Konsumen juga memiliki peran yang cukup penting dalam konsumsi yang berkelanjutan, yakni dari segi sikap dan perilaku konsumen dalam mengkonsumsi suatu produk. Dokumen tersebut menjelaskan bahwa kepedulian konsumen akan isu lingkungan, sosial, dan ekonomi, serta kemauan untuk bertindak atas kepedulian tersebut meningkat. Namun, kemauan konsumen tersebut untuk bertindak secara nyata sepertinya belum dapat terlaksana karena beberapa keterbatasan seperti ketersediaan produk, kemampuan/daya beli konsumen, kenyamanan menggunakan produk lama, kualitas produk, prioritas yang saling bertentangan, skeptisisme dan kebiasaan.

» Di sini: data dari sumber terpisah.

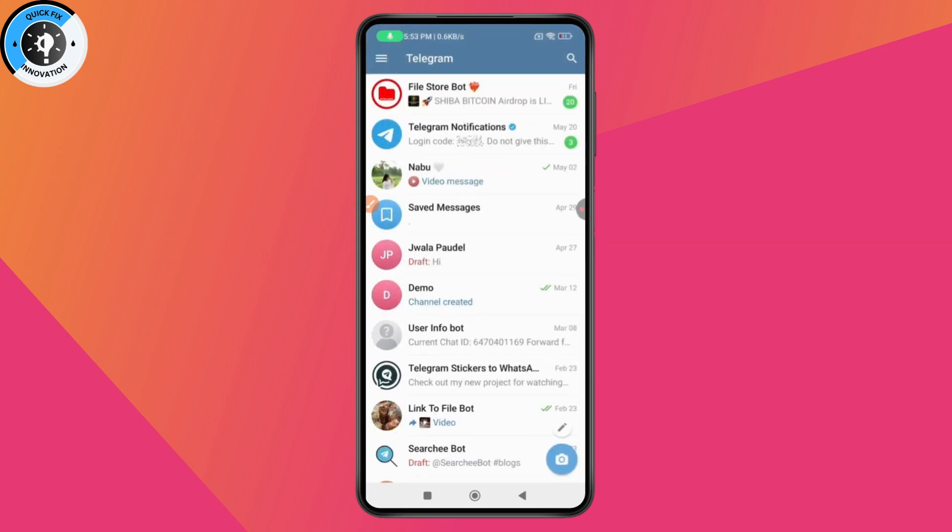In this way you'll be able to unarchive or find archived chats on Telegram. If you have any questions, feel free to comment below. Thanks for watching.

Di sisi lain, pelaku bisnis pun memiliki peran yang penting dalam konsumsi yang berkelanjutan dengan melakukan pendekatan untuk menerapkan konsumsi yang berkelanjutan, yang saat ini menjadi bagian dalam bisnis. Adapun pendekatan yang dapat dilakukan yaitu dengan menciptakan inovasi, memberikan beberapa pilihan yang dapat mempengaruhi konsumen untuk menerapkan konsumsi yang berkelanjutan, ataupun dapat dilakukan dengan mengubah suatu produk/komponen produk yang mendukung produksi dan konsumsi yang berkelanjutan. Pengembangan peningkatan produk, jasa, dan model bisnis terkini telah beralih dan berfokus pada pemberian nilai sosial semaksimal mungkin dengan biaya lingkungan yang minimum. Inovasi dapat dilakukan dengan meningkatkan ketersediaan layanan dan produk yang lebih berkelanjutan dengan mengintegrasikan kelestarian serta proses siklus hidup dalam menginovasi desain suatu produk tanpa mempengaruhi kualitas, harga atau kinerja di pasar. Dalam mempengaruhi pilihan konsumen, komunikasi pemasaran dan kampanye dilakukan dalam meningkatkan kesadaran serta mendorong konsumen untuk memilih dan menggunakan produk yang lebih efisien dan berkelanjutan. Salah satunya dengan menciptakan pasar untuk produk serta model bisnis yang berkelanjutan. Dimana, penerapannya dapat dilakukan bersama dengan konsumen dan pemangku kepentingan yang memegang peranan penting, dengan menunjukkan bahwa produk serta gaya hidup yang berkelanjutan memberikan kinerja yang superior dengan harga terbaik. Selain itu, penghapusan produk, komponen produk, serta jasa/layanan yang tidak berkelanjutan dari pasar pun dapat dilakukan bersama aktor lain dalam masyarakat, seperti pembuat kebijakan, LSM, pengecer, dan sebagainya.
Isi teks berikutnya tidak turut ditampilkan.